L’événementiel à la fête
Il est 19 heures, tout est encore calme dans les travées du stade Gerland. Ce soir du 15 décembre 2013, le club de l’Olympique lyonnais reçoit celui de l’Olympique de Marseille pour un match de football qui s’annonce captivant. Alors que les supporters attendent l’ouverture des grilles, les loges s’organisent. Et dans l’une d’elles, un groupe de blogueurs s’active. Leur présence n’est pas le fruit du hasard. C’est ce soir précisément que Hyundai Motor France a décidé de lancer un nouveau concept de communication : la SociOL Room. Partenaire majeur de l’équipe lyonnaise sous forme de sponsorisation, Hyundai a décidé de faire vivre aux fans la rencontre sportive en direct, via les réseaux sociaux Twitter et Facebook. “Nous innovons dans la façon d’activer une population composée de cibles potentielles, explique Jean Nelson, le responsable de la communication de Hyundai France et artisan de l’opération. Nous avons travaillé conjointement avec l’Olympique de Lyon, qui y trouve aussi un intérêt, soucieux de générer des contacts avec sa marque.” Une analyse que Jean Michel Aulas, l’emblématique président du club rhodanien, soutiendra après la rencontre.

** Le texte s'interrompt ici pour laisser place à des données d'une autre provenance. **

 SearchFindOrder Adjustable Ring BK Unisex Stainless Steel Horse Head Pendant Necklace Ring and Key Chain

Une opération comme celle-ci reste inédite en France dans le secteur de l’automobile. En fait, elle s’inspire d’une pratique née autour des sports américains. Mais elle témoigne d’une volonté certaine des constructeurs d’aller chercher le client par des approches différentes. “Les marques ont besoin de mettre en scène leur présence auprès du marché, soit une théâtralisation destinée à donner un supplément d’impact dans un contexte de recul de la fréquentation, notamment des salons”, entrevoit Charles Forget, directeur en charge du secteur automobile chez Equancy.

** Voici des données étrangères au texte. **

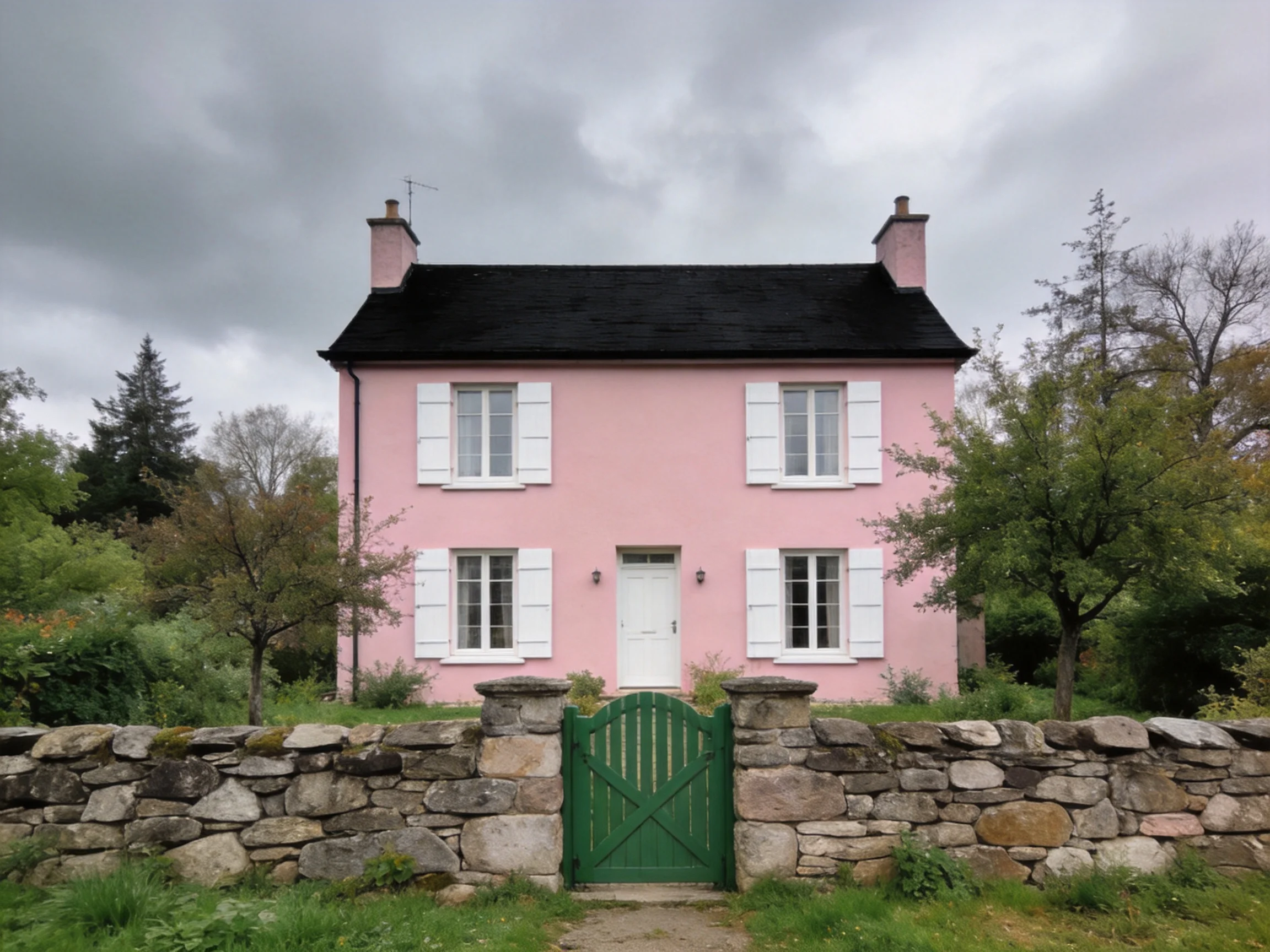 A charming pink two-story house with white shutters and a stone wall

N’est-ce pas une lapalissade que de dire qu’à l’ère du numérique grandissant, les points de contacts se multiplient ? Il appartient donc aux marques et à leurs réseaux de faire le tri. Les ressources financières se faisant rares, procéder à des arbitrages devient une évidente nécessité. Et dans ce contexte, force est de constater que l’organisation d’événementiels obtient de plus en plus les faveurs des professionnels de l’automobile. Pour mémoire, il existe trois types de schémas : l’association au projet d’un constructeur, le financement d’une opération imposée et la libre initiative. Une dernière solution qui n’exclut pas une participation du concédant. Il faut une stratégie d’une précision chirurgicale, en fonction des marques et des emplacements, rappelle-t-on au sein du groupe Duffort. La holding a clairement défini sa ligne de conduite. Elle ne mise pas tout sur les événements, bien entendu, mais ils tendent à prendre de l’importance. Une politique encouragée par le succès des dernières opérations montées, telles que les rassemblements de passionnés autour du 4x4 en forêt avec Mitsubishi ou de sportives sur le tracé du Mans.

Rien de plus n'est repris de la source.